Mais cet optimisme était tempéré par des témoignages recueillis sur le terrain, hier. Exception faite du nord du pays, la participation au vote est très basse, constate Jean McKenzie, responsable du bureau du Institute for War and Peace Reporting à Kaboul.

Cette organisation a des correspondants locaux un peu partout en Afghanistan. «Peu de gens ont voté dans la province de Helmand, dans le Sud. Dans un bureau, on attendait 4200 électeurs. Plus de trois heures après l'ouverture, il n'en était venu que 83», raconte Mme McKenzie. À Kandahar, une ville de plus 700 000 habitants, on a recensé 40 000 bulletins de vote. «C'est très peu», estime Mme McKenzie.

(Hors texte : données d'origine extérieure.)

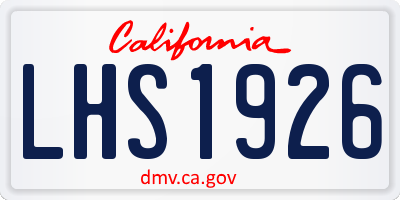 CA license plate LHS1926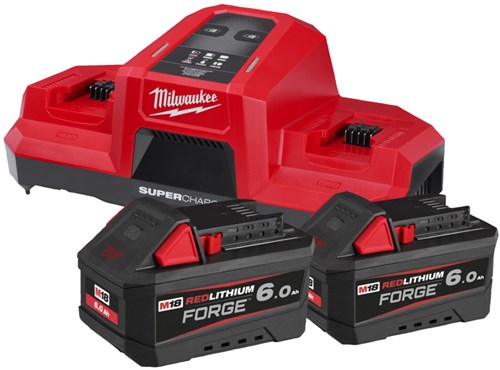 Milwaukee M18 FORGENRG-602 M18 FORGE KIT Battery 6.0 Ah | 2x 18V / 6.0Ah Forge battery + Dual Bay Supercharger - 4933498549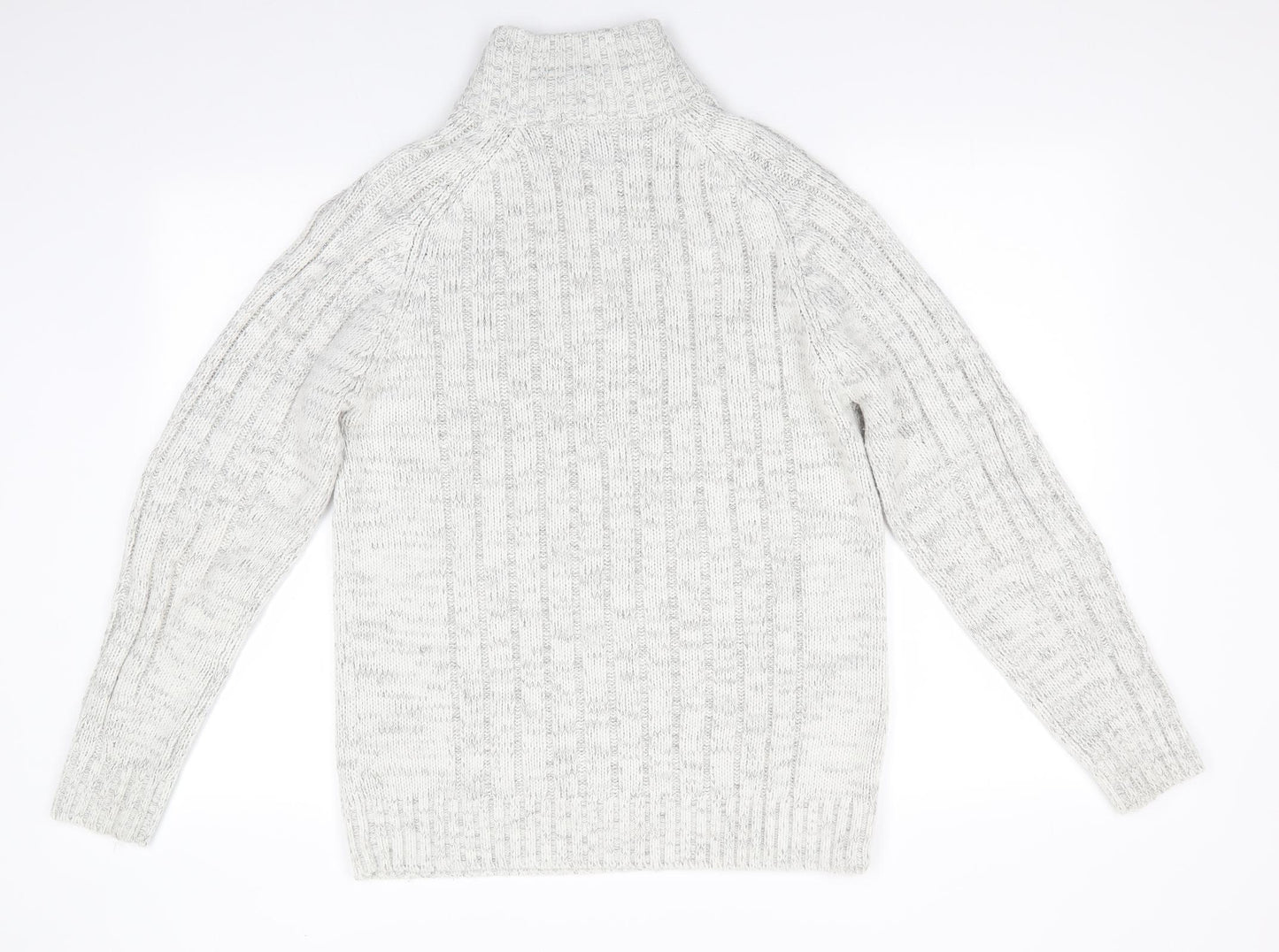 ACW 85 Mens Ivory High Neck  Acrylic Pullover Jumper Size S   - Ivory with grey fleck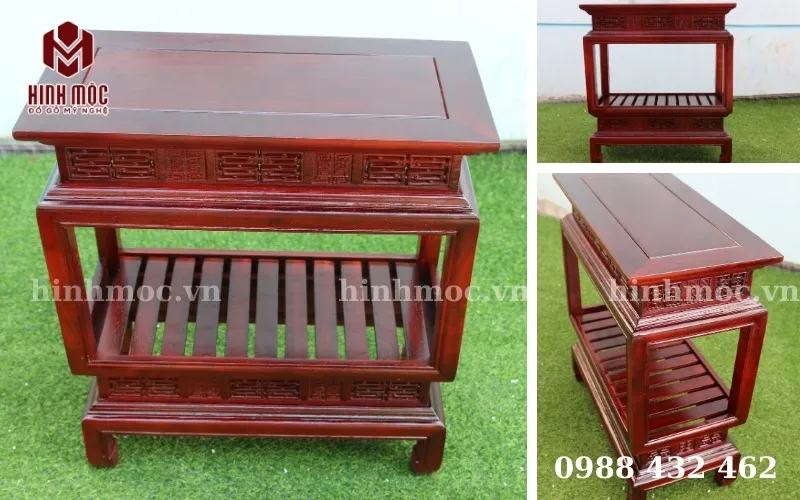 Kệ gỗ kê tượng Phật Di Lặc bằng thạch cao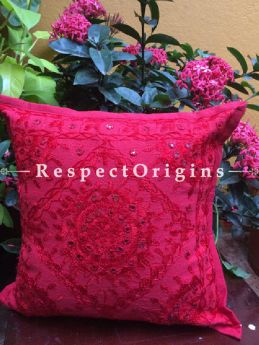 Buy Pop-of-Color! Hand-embroidered With Mirror Work; Set of 4 Square Cotton Cushion Covers 16x16 in; Blue Red Brown Lime Green! At com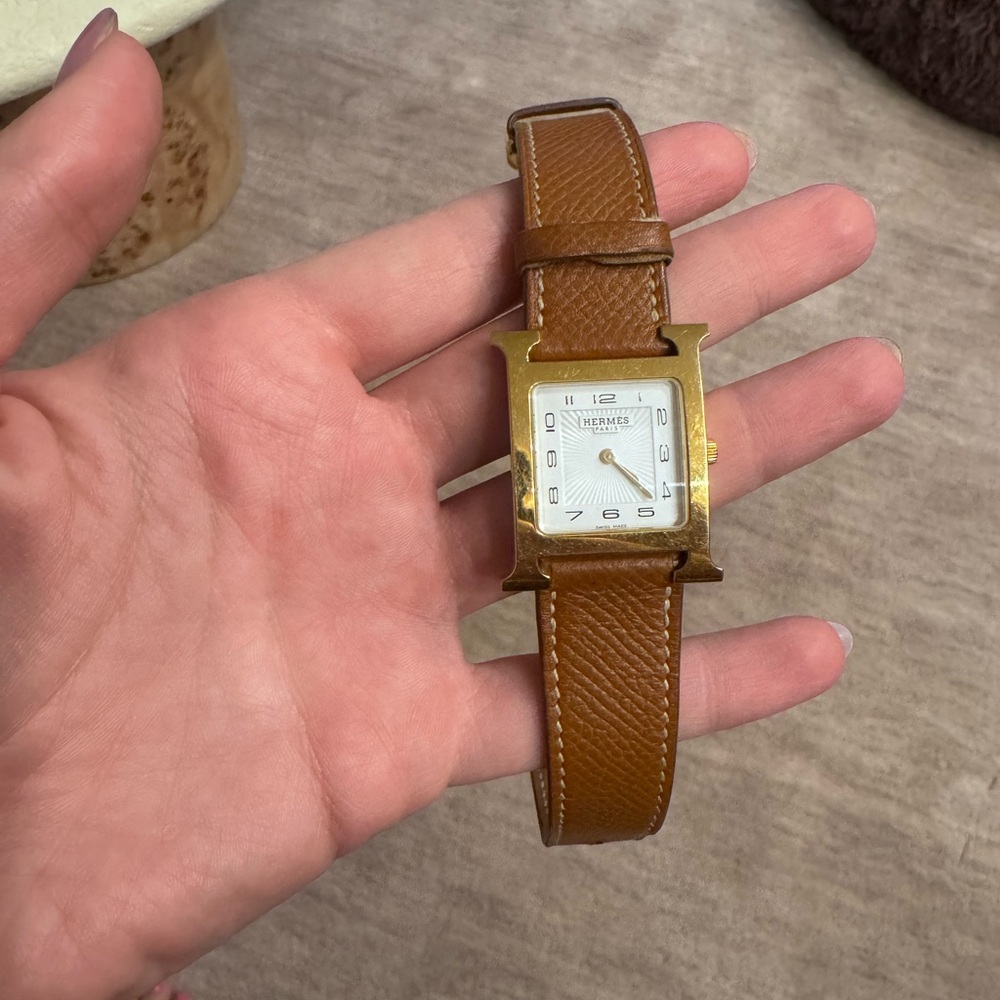Hermes Heure H Large Model Tan and Gold Women's Watch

«Il est impossible d'estimer avec précision le taux de participation, mais je serais extrêmement choquée d'apprendre qu'il était de 50 %. Car ça ne pourrait signifier qu'une chose: la présence massive de fraude», dit-elle.

L'observateur québécois Jacques Paquette a passé la journée entre une dizaine de bureaux de vote de Jalalabad. «Le vote a commencé à 7 h, mais les électeurs n'ont commencé à arriver qu'à 10 h, et il y avait très peu de femmes», dit-il. Dans certains des bureaux de scrutin de Jalalabad, moins de 30% des électeurs ont exercé leur droit de vote.

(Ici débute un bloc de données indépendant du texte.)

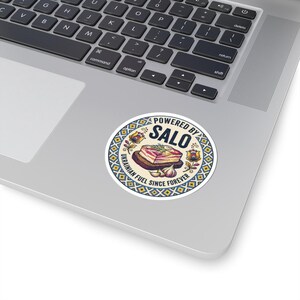 Powered by Salo Sticker, Funny Ukrainian Food Decal, Folk Art Laptop Sticker, Slavic Humor Diaspora Gift image 2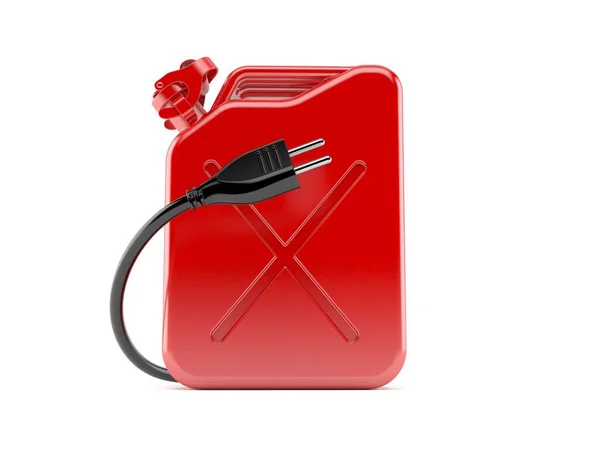 Pojemnik Benzynę Kablem Elektrycznym Izolowany Białym Tle Ilustracja — Zdjęcie stockowe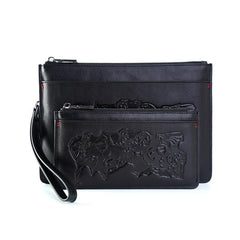 Handmade Leather Mens Urban Cohort Clutch Cool Slim Wallet Zipper Clutch Wristlet Wallet for Men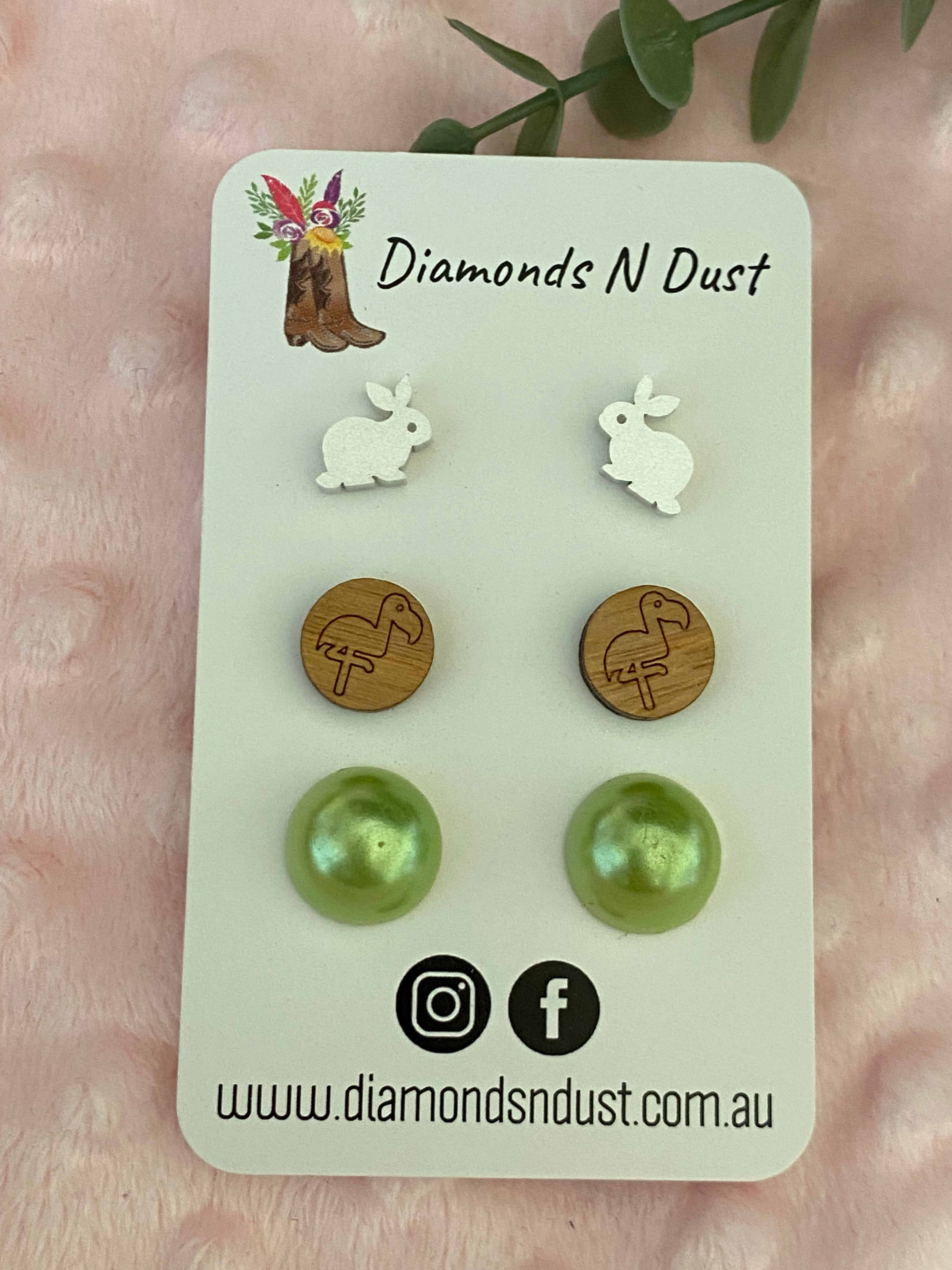 Stud Earrings - trio pack - (3 pack options)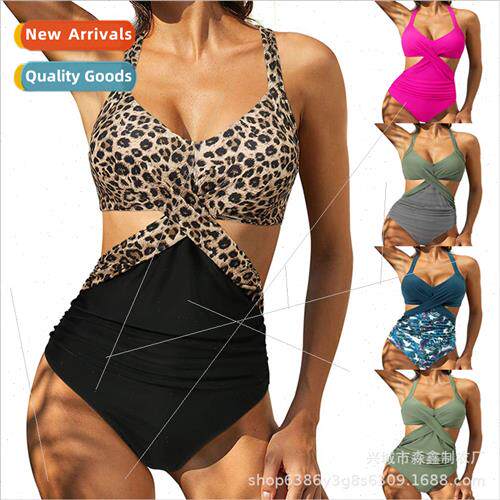 2023 One-piece Swimsu Europe Leopard Patchwork One-piece Cro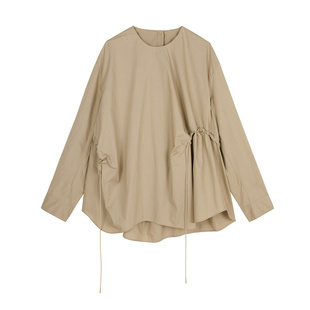 JNBY/江南布衣春秋衬衫女圆领宽松棉质长袖衬衣挺阔柔软5O8215950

La Commission électorale indépendante de l'Afghanistan a décidé hier de rallonger d'une heure la période de votation. Mais au bureau où M. Paquette devait surveiller le décompte des voix, ce n'était pas nécessaire: il n'y avait plus un chat.

En raison de consignes de sécurité, l'observateur québécois craignait de ne pas pouvoir rester jusqu'à la fin du dépouillement des voix. Mais il s'inquiétait pour rien: les 181 bulletins de vote ont été vite comptés.

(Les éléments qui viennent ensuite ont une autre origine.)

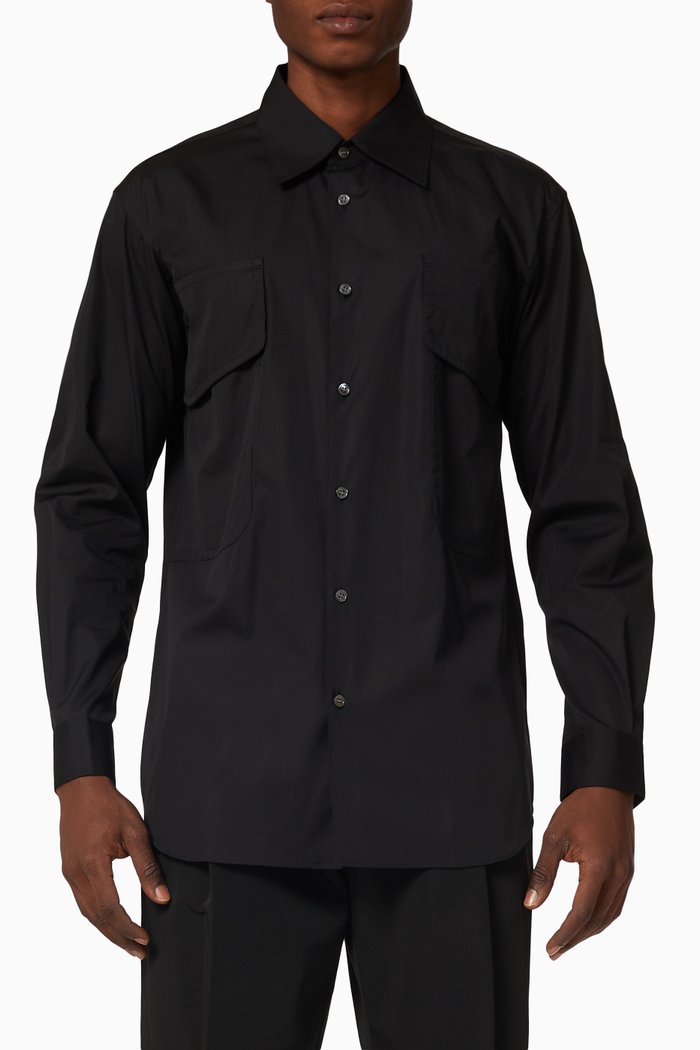 

Utility Cotton Poplin Shirt, Black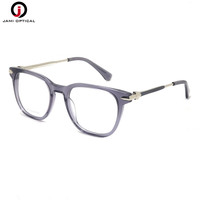 Lunettes optiques à monture en acétate, unisexe, carrées, avec branches métalliques, légères, de créateur – Meilleures ventes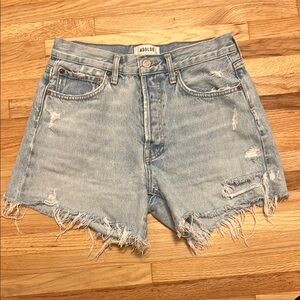 Agolde Distressed Light Blue Jean Shorts size 26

Même Kaboul a échappé à la fièvre électorale. Les rues de la capitale étaient désertes. Le Canadien Grant Kippen, qui préside la Commission des plaintes électorales (il en a recueilli une centaine hier), a passé la journée dans un bureau en face d'un lieu de vote. «Je n'y ai jamais vu de gens faire la queue.»

Violences sporadiques

Plus d'une cinquantaine de personnes ont perdu la vie hier dans une série d'explosions de violence, qui ont épargné la majorité des bureaux de vote. À l'échelle afghane, c'est un succès.

Ainsi, plus de 20 roquettes sont tombées dans la capitale de la province de Helmand, Lashkar Gah. L'une d'entre elles a atterri sur une file d'électeurs et a tué un enfant.

À Kandahar, les insurgés ont pendu deux personnes qui avaient les doigts tachés d'encre, signe qu'ils étaient allés voter. À Kaboul, la journée a été marquée par une longue fusillade qui a coûté la vie à deux insurgés.

Au total, le gouvernement a recensé 135 attaques d'insurgés qui ont coûté la vie à 26 civils et policiers afghans, et à une trentaine d'insurgés. Mais les autorités assurent que 95 % des bureaux de vote ont pu fonctionner normalement.

Et dans ces bureaux, il y avait des gens convaincus de faire un geste important pour leur avenir. Selon Jean McKenzie, ceux qui s'étaient déplacés pour voter se montraient très optimistes. Ils disaient des choses comme: «Je veux changer la destinée de mon pays.»